Team members are trained to think differently from other officers in military planning sessions, said Steven Rotkoff, one of the instructors at Ft. Leavenworth who helped create the course curriculum. Since red team officers are outside the normal staff planning process, they theoretically can look more objectively at it.
"It is very hard to tell someone your baby is ugly and they don't dress them properly," Rotkoff said. "The red team members are valued by their commanders because they do not participate in group-think."
The military's strict hierarchy allows for quick decision making. But it also can prevent insights farther down the pecking order from receiving a fair hearing. With a red team in place, someone is always taking a skeptical look at the commander's ideas, Rotkoff said.
"We struggle with getting out of the comfort zone. To do what we are asking people to do is an unnatural act for the American military," Rotkoff said.
In Iraq, the new red team has begun working for Lt. Gen. Raymond T. Odierno, who recently became commander of day-to-day military operations there. The team may also get a higher profile with the arrival of Lt. Gen. David H. Petraeus, named the top U.S. commander in Iraq.
Petraeus, a supporter of such devil's-advocate approaches, pushed for more creative thinking while heading up key Army training programs at Ft. Leavenworth. Lt. Col. Jeff Ragland, Odierno's red team leader, said that although top officers and junior staff members are intrigued by the new group's mission, some mid-level colonels in Baghdad "seem to be less excited about our existence."
If a team's job is to argue against a particular plan, it becomes easy for other officers to dismiss its suggestions.
As a result, the red team course at Ft. Leavenworth includes instruction on how to criticize without being ignored. And in the field, Ragland's team is trying to figure out how to sugarcoat skepticism.
"At virtually every instance, we have had to present our ideas in an acceptable way, not with the 'sharp stick in the eye' approach," Ragland said.
The course examines conflicts such as the Philippine insurrection in 1899 and the post-World War II occupation of Japan.
The course covers Western and non-Western military theory and teaches anthropology so future red team members can better study other cultures.
In Iraq, for instance, it is the red team's job to think like Iraqis and figure out what might offend them.
"We are not going to make [red team members] anthropologists; we are going to make them understand how ethnocentric they are," Fontenot said. "As soon as you assume the other guy thinks like we do, you are making a mistake."
Military organizations, Fontenot said, are not always good at predicting the after-effects of an operation.

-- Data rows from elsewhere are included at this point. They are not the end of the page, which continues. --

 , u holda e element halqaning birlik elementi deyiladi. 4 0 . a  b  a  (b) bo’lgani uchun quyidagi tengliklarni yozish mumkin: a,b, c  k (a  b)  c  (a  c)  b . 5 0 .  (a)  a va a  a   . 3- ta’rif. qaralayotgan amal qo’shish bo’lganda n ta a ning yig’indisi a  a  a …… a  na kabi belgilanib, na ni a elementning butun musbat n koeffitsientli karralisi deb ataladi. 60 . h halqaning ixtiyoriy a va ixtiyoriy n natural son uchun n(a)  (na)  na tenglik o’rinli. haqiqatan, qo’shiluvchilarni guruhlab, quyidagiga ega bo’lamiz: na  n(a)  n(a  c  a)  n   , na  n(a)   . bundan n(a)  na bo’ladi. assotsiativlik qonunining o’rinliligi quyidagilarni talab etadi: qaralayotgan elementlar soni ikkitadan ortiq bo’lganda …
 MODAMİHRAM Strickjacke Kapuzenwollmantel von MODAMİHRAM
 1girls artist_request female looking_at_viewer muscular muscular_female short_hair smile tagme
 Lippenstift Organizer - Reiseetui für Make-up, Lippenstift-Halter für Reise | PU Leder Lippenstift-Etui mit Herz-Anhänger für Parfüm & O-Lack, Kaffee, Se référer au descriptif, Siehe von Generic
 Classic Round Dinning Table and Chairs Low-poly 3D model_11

Traditionally, no staff officers are specifically assigned to think about long-term consequences.
Among military staffers, there is a tendency to become wedded to a plan and reflexively defend it, rather than critique it from a distance, said Lt. Col. Mark B. Elfendahl, a student in the red team course.

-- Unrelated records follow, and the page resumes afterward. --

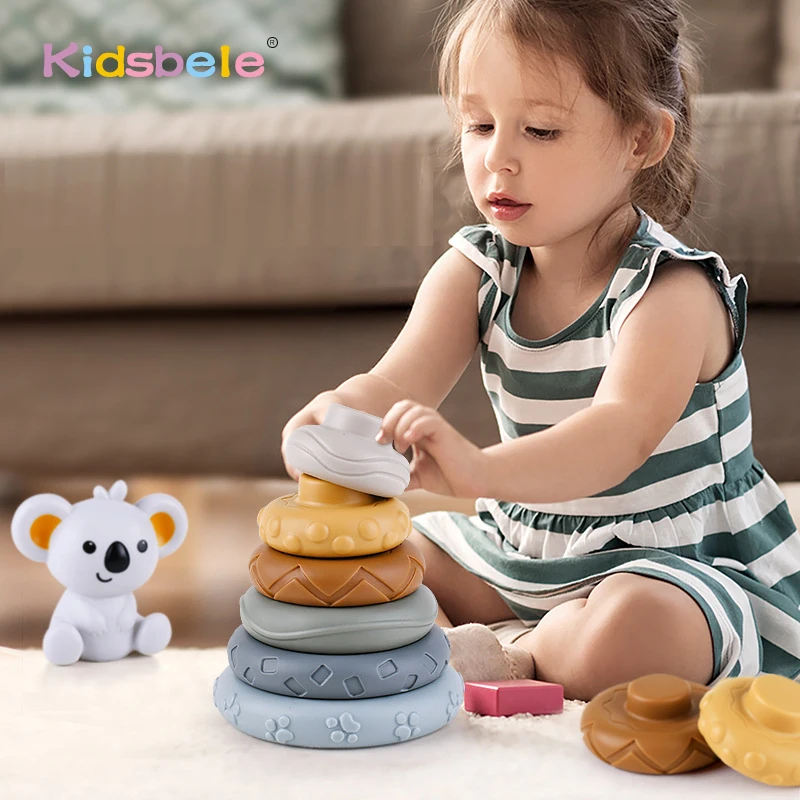 

6pcs Stacking Rings Koala Silicone Baby Teething Toy Soft Block Stacker Multi-Textured Tactile Sensory Educational Toddlers Toy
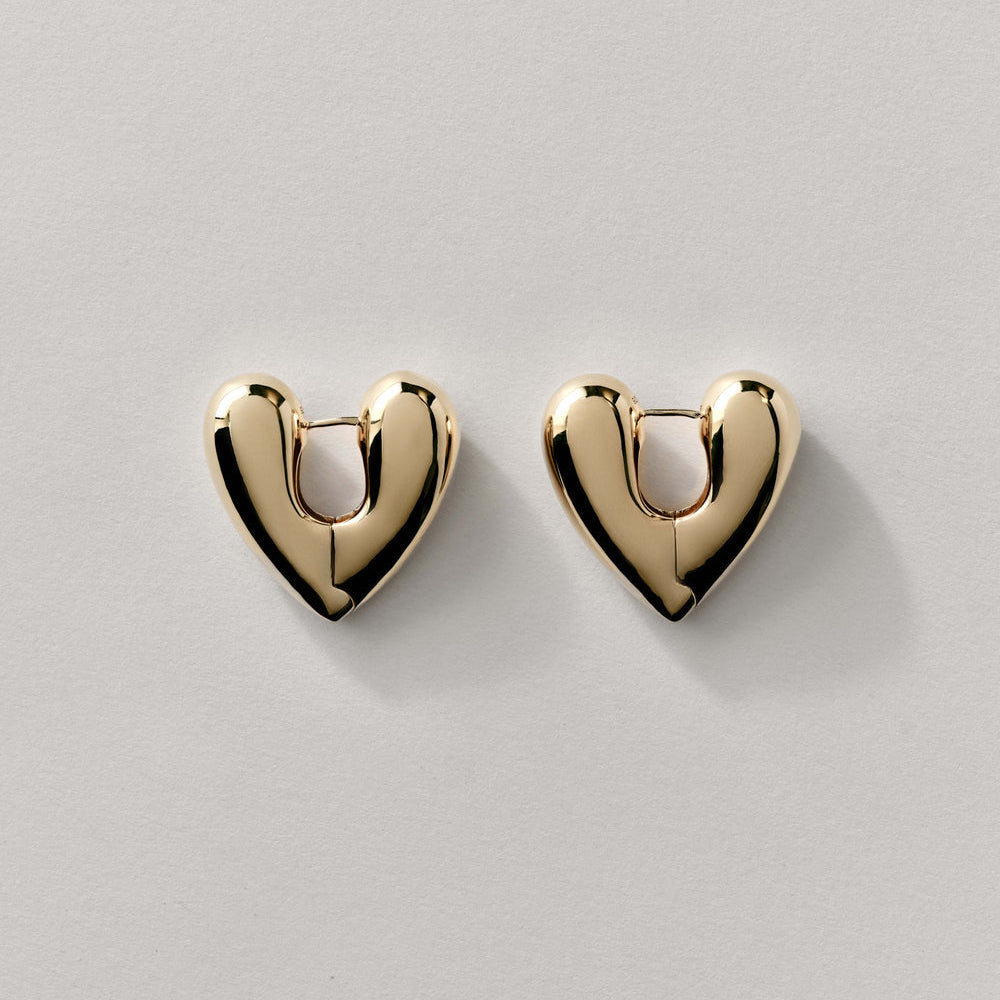 Annika Inez Heart Hoops – Large | Gold Earrings & Silver Earrings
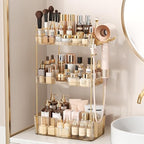 Bathroom Counter Organizer for Vanity, Makeup Organizer Countertop with Holder, Large Capacity Storage Rack, Perfect Large Skincare, Hair Care, Perfume, Easy to Install (Gold, 3Tiers) by Weidace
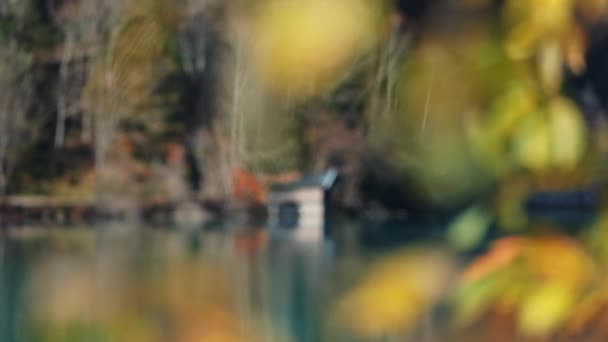 Boathouse y hojas en el embalse de Klammsee en otoño — Vídeo de stock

Though the focus of many red teams is to predict an enemy force's reactions, in Iraq it will be just as important to predict how allies might react to a given operation.
Ragland, the red team leader in Iraq, said other staff officers have the ability to critically assess a plan, but they often do not have the time to do so.

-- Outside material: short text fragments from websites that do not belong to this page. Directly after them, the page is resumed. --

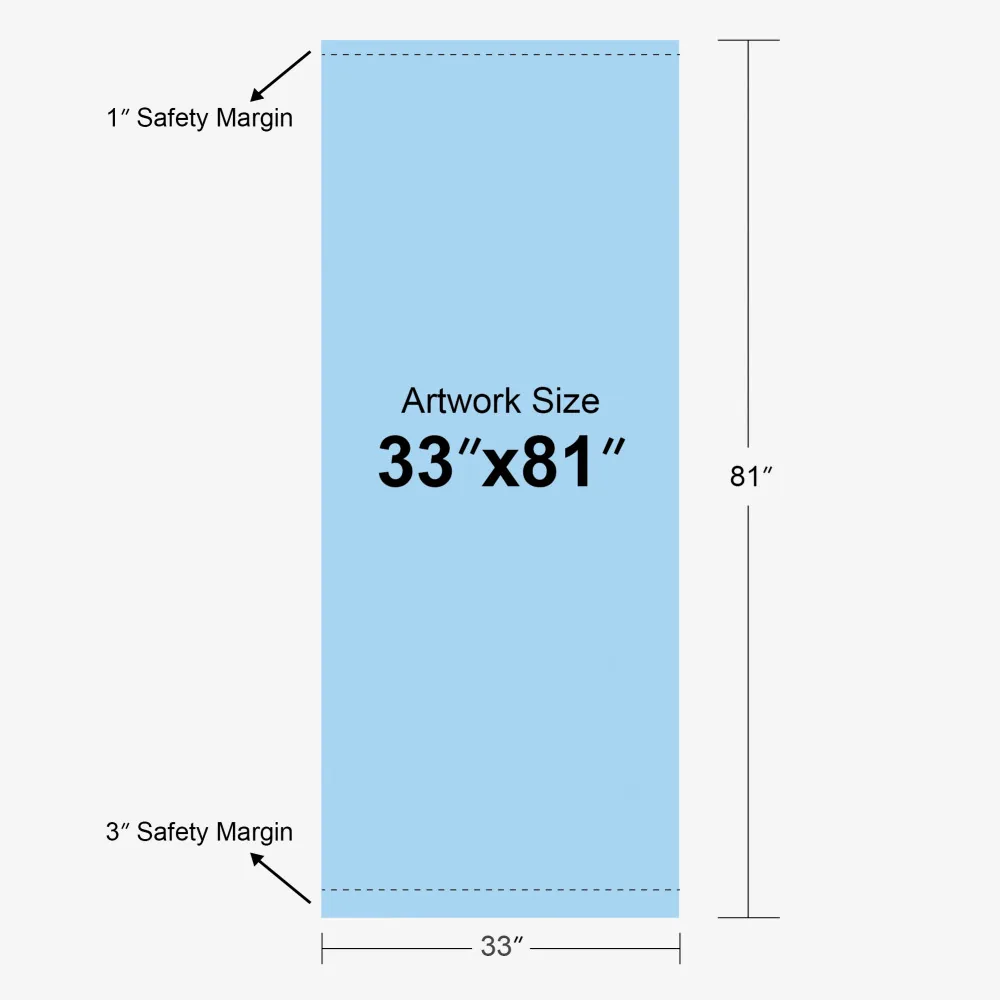 33 by 81 inch artwork diagram with safety margins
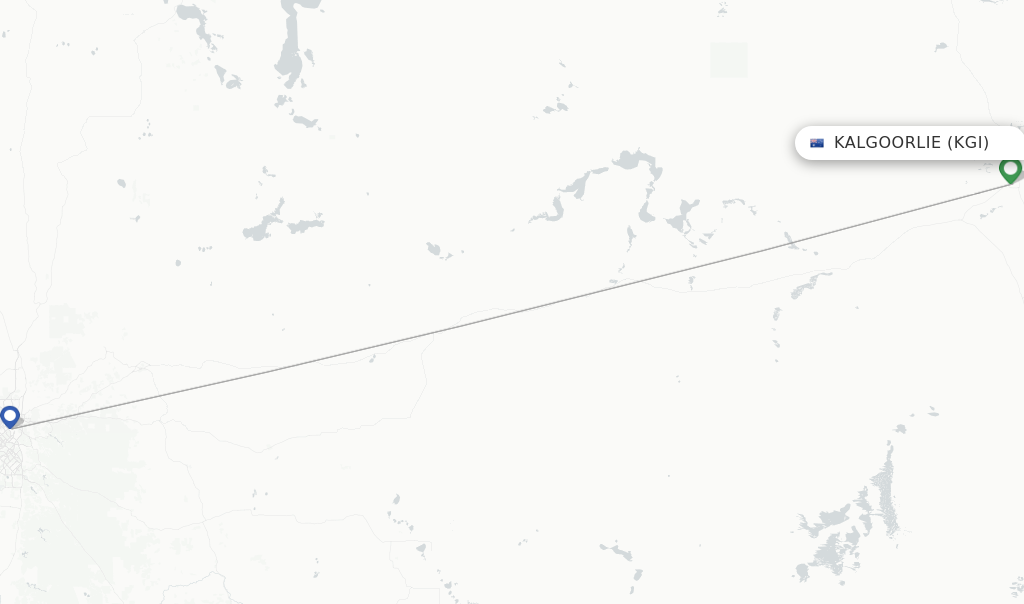 Route map with flights from Kalgoorlie with Virgin Australia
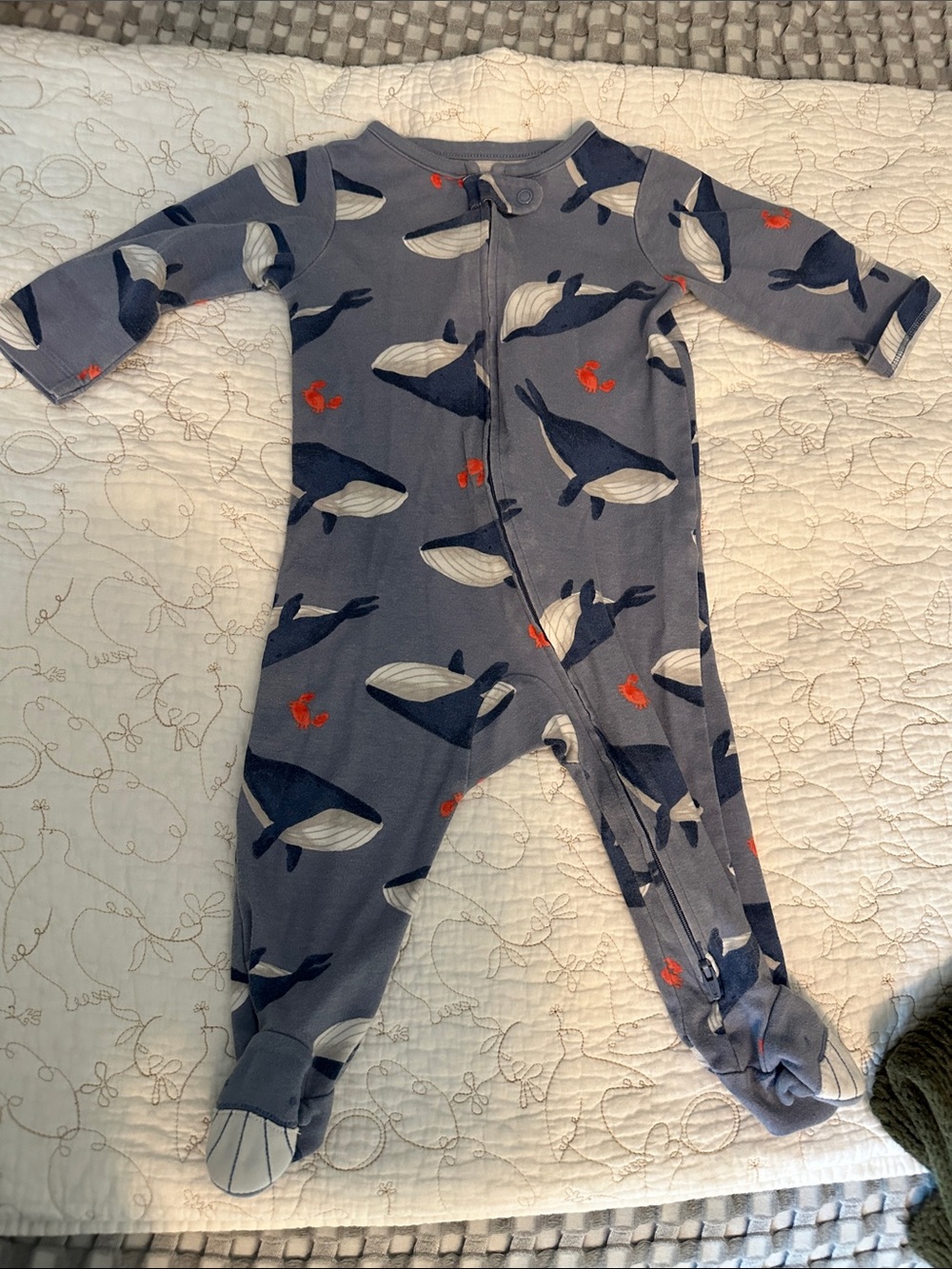 Carter's Gray Whale & Crab Footed One-Piece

"Red teams are a direct, and necessary, response to the current operations tempo," Ragland said, adding that because team members are not invested in military plans, "we have the latitude regarding time and the charter to take this critical look."
At Ft. Leavenworth, Fontenot wants to spread critical thinking throughout the Army.
In the long term, the University of Foreign Military and Cultural Studies aims to influence how all officers think and plan.
For now, Fontenot says he is watching how the red team works in Iraq, and is adjusting the course based on feedback from the field.
"We will have to see how it goes in Iraq," he said. "I know we are doing the right thing. I don't know if we are doing it the right way."